_Provided records:_
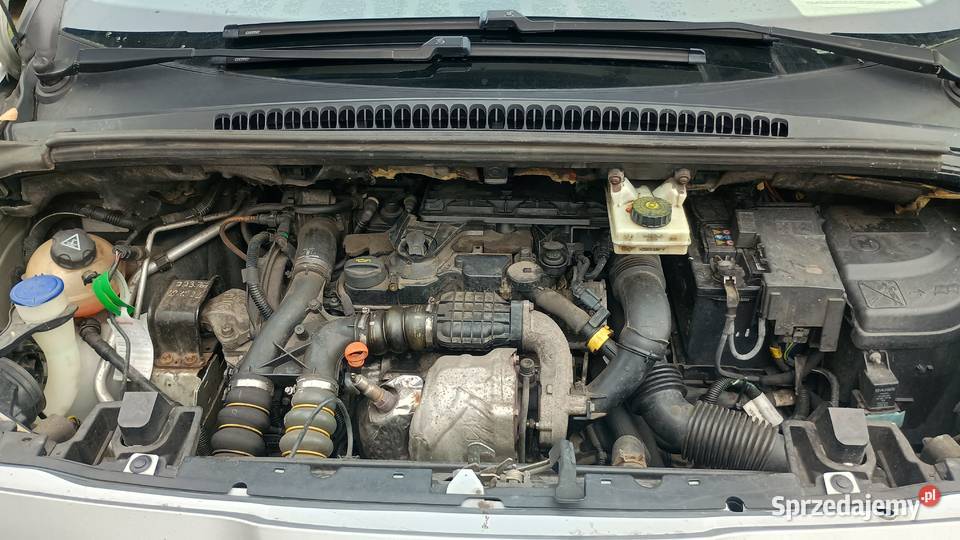 Peugeot 5008 7 osobowe 16 HDi manual kupiony w Polsce Katowice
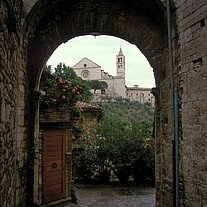 Assisi Torbogen Kirche durch Torbogen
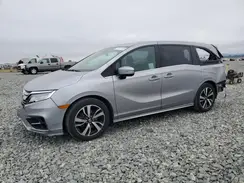 5FNRL6H9XJB096047 2018 HONDA ODYSSEY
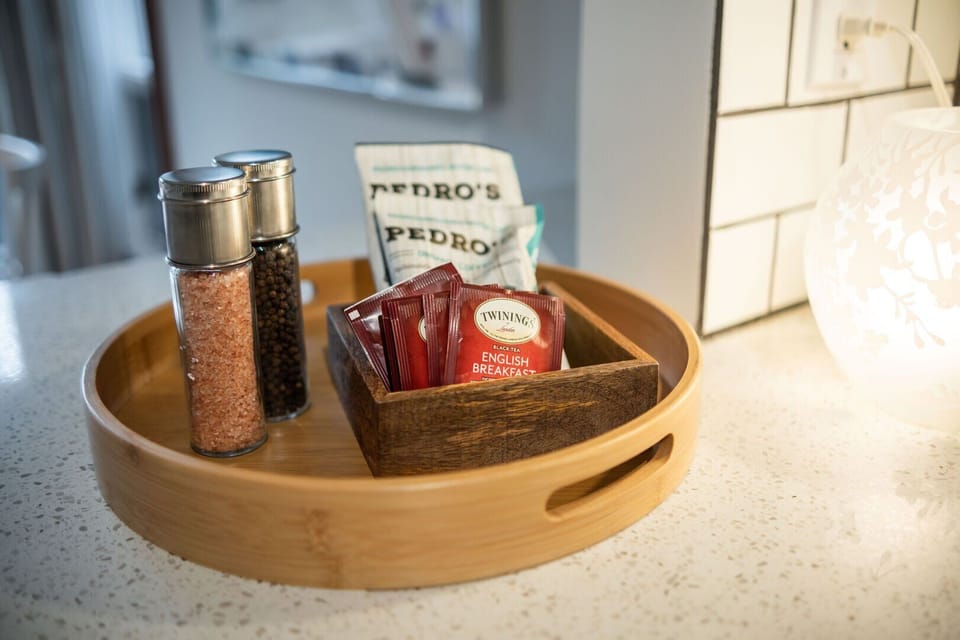 Full kitchen: Coffee, tea, salt and pepper shakers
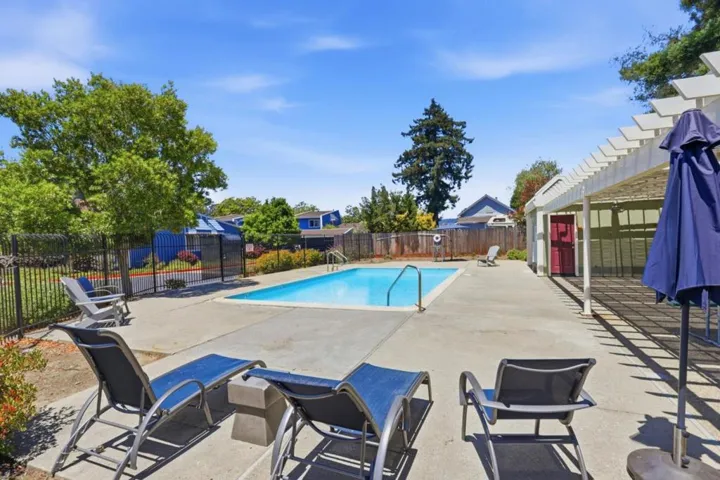 163 Harbor Oaks Circle, Santa Cruz, California 95062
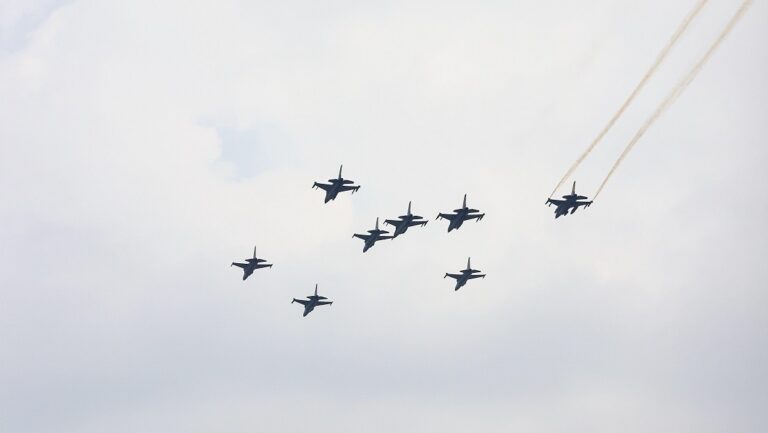 Ataques entre Tailandia y Camboya violan alto al fuego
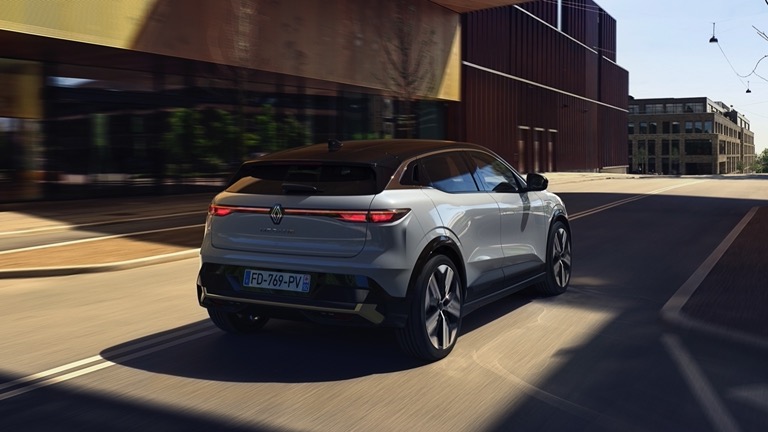 Renault_Megane_ETech-06.jpg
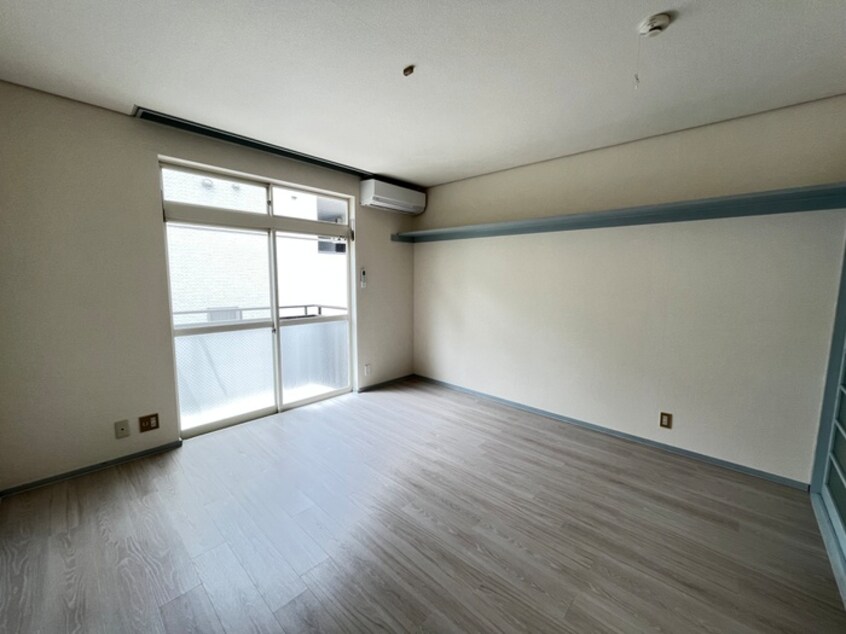 居室 エンブレム・エミ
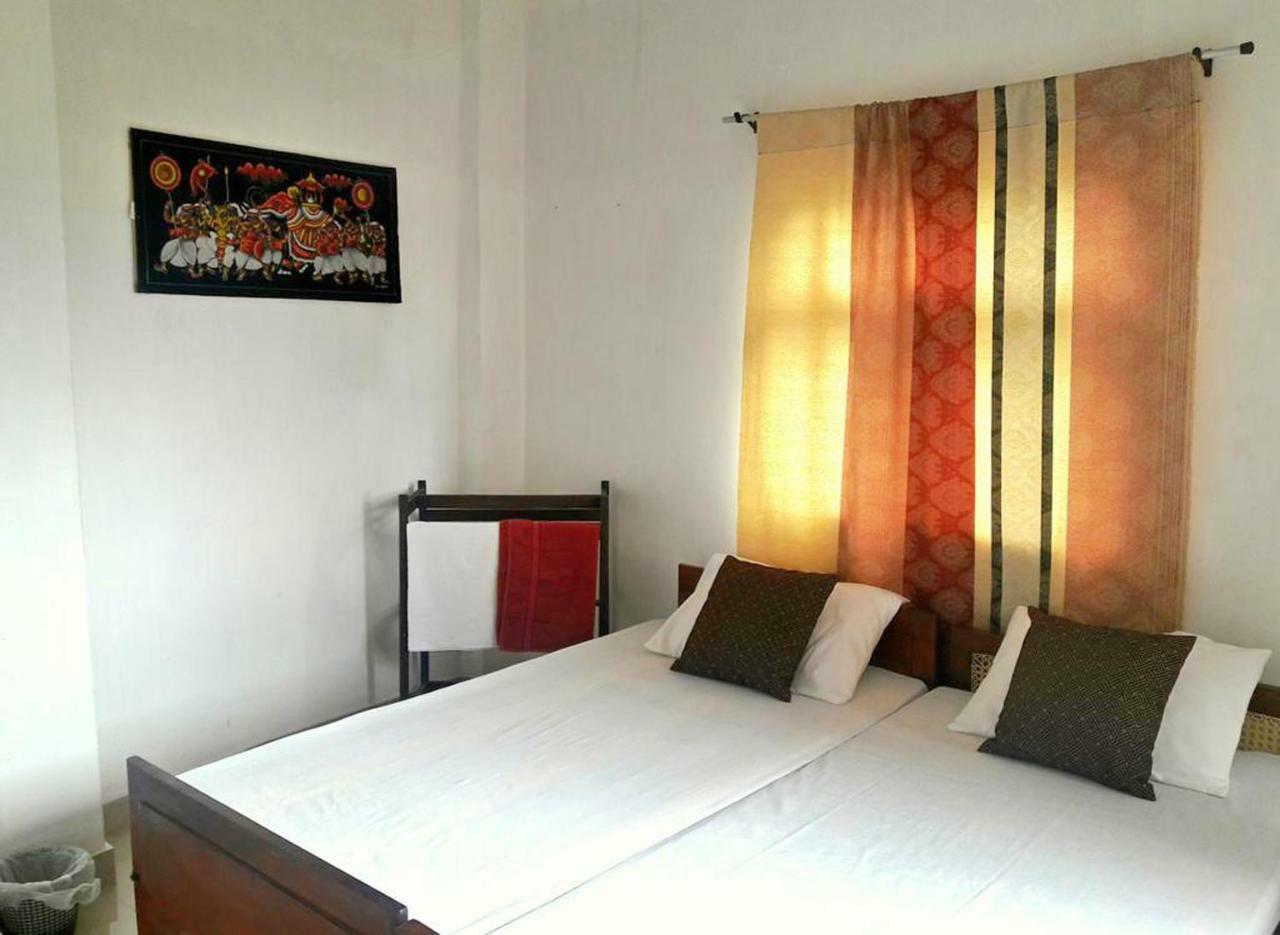 Mountview Homestay Kandy Buitenkant foto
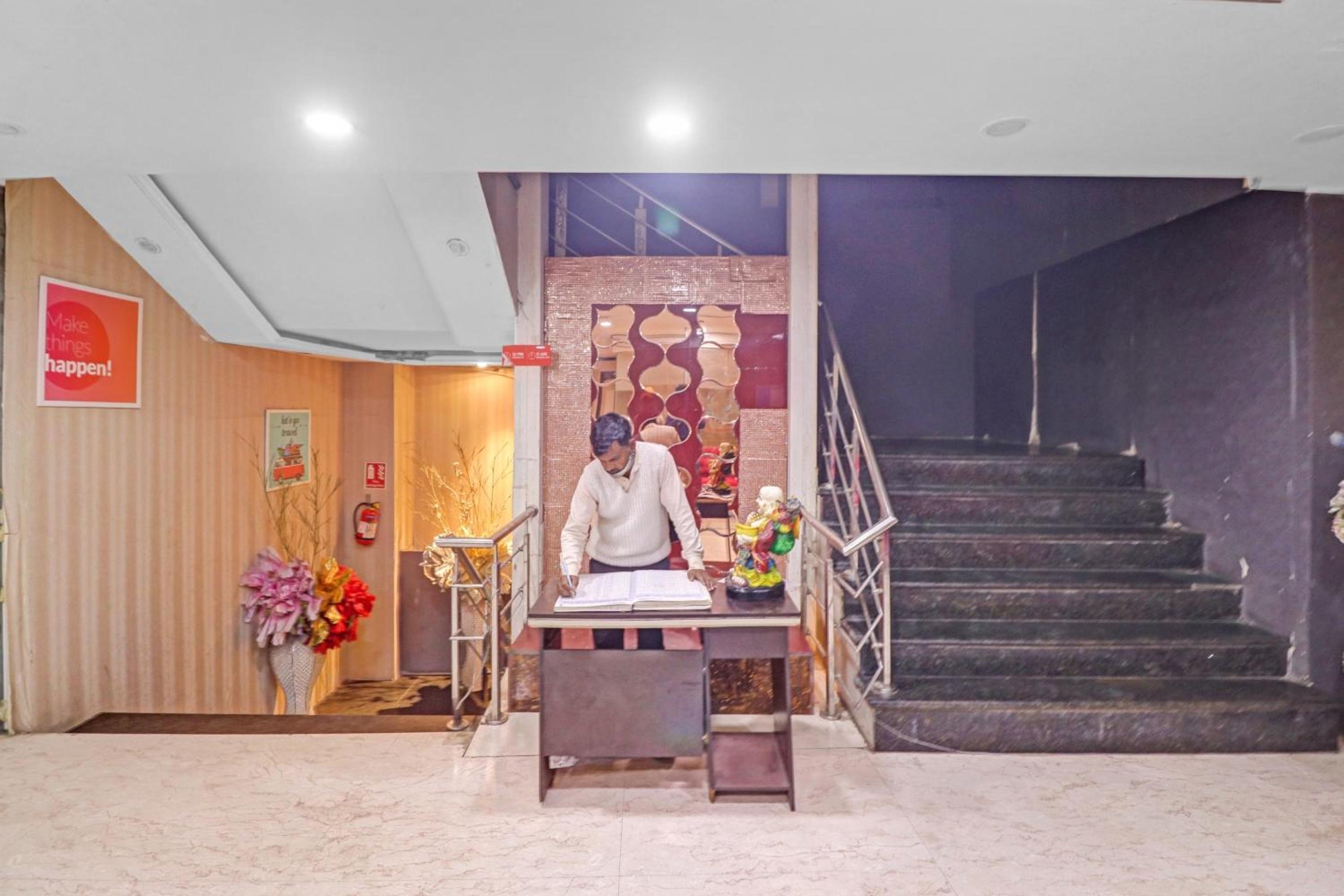 Lobby & Reception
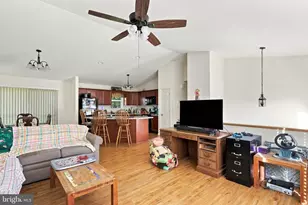 54 Lilleigh Ct, Maurertown, VA 22644 - Photo 2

_Exercise prompt:_
The output consists of exactly the lines from the one containing "163 Harbor Oaks" through the last line of the listing, both included, with no pictures.

_Answer below:_
 163 Harbor Oaks Circle, Santa Cruz, California 95062
 Ataques entre Tailandia y Camboya violan alto al fuego
 Renault_Megane_ETech-06.jpg
 居室 エンブレム・エミ
 Mountview Homestay Kandy Buitenkant foto
 Lobby & Reception
 54 Lilleigh Ct, Maurertown, VA 22644 - Photo 2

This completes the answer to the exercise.